È quanto emerge dal monitoraggio della Coldiretti sugli effetti del grande caldo e dell’assenza di precipitazioni. I livelli del più grande fiume italiano e dei principali laghi, che si trovano tutti sotto le medie storiche, sono rappresentativi della situazione di difficoltà dei bacini idrografici, con torrenti e fiumi in calo.Anche se è soprattutto al nord dove si evidenzia la carenza di disponibilità idriche a partire dal Friuli Venezia Giulia, aree di siccità sono diffuse lungo tutta la Penisola.
L’andamento anomalo di quest’anno conferma purtroppo i cambiamenti climatici in atto che si manifestano con la più elevata frequenza di eventi estremi con sfasamenti stagionali, precipitazioni brevi ed intense ed il rapido passaggio dal sole al maltempo.
Le precipitazioni sono importanti per ristabilire le scorte idriche necessarie per l’estate, ma l’acqua per poter essere assorbita dal terreno deve cadere in modo continuo e non violento mentre quest’estate è stata segnata da violenti nubifragi e grandine che si sono abbattuti a macchia di leopardo facendo salire il conto dei danni nelle campagne ad oltre mezzo miliardo dall’inizio dell’anno.
Se nei campi si guarda con preoccupazione al cielo per paura della grandine e dei danni irreversibili che provoca alle coltivazioni, nelle stalle si cerca di portare sollievo alle mucche che per lo stress da caldo stanno producendo fino al 15 per cento circa di latte in meno rispetto ai periodi normali.

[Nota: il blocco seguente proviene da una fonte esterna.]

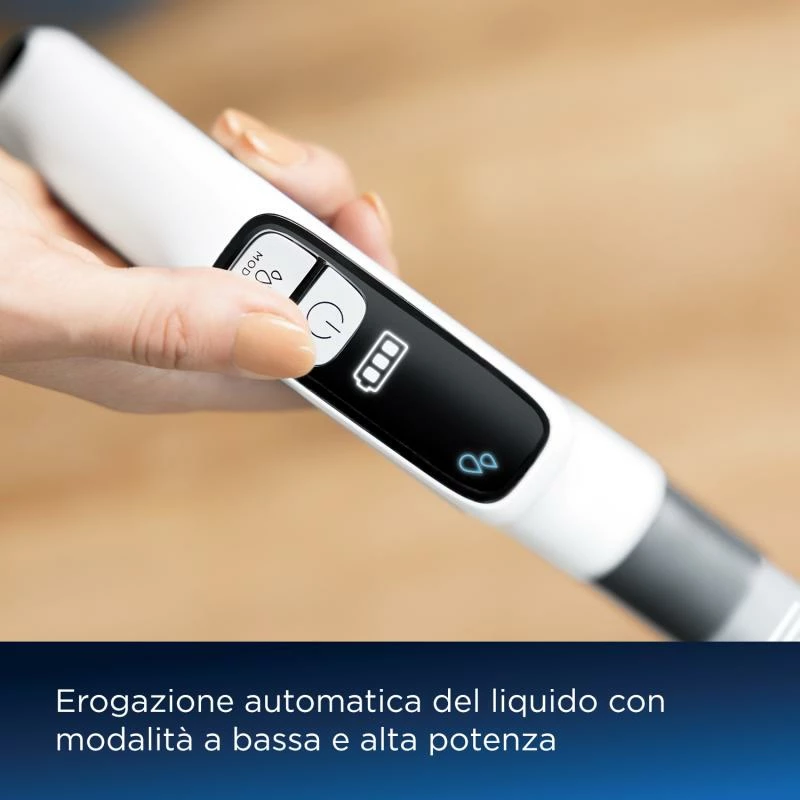 Fshesë me korrent, Bissell, CrossWave HF3 Select 3639N, 2-në-1 pastrim i lagësht dhe i thatë, 4 kg, e zezë/argjend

In difficoltà sono anche i pollai, dove si sta registrando un calo fra il 5 e il 10% nella deposizione delle uova. Lo stato di sofferenza delle campagne è confermato dalle api, che sono considerate un indicatore del benessere ambientale. Per la produzione di miele del 2018 si stima un calo del 50% rispetto alla media degli ultimi anni per l’effetto del clima pazzo che ha stressato le api e compromesso le fioriture.
Siamo di fronte a un crollo a macchia di leopardo della raccolta, dalla Sicilia all’Abruzzo, dalla Liguria alle Marche fino alla Sardegna e alla Lombardia, con punte anche dell’80% in meno rispetto alla media per alcune tipologie.
Un allarme ed un impegno a lavorare per contrastare i cambiamenti climatici perché, come sosteneva Albert Einstein: “se l’ape scomparisse dalla faccia della terra, all’uomo non resterebbero che quattro anni di vita”.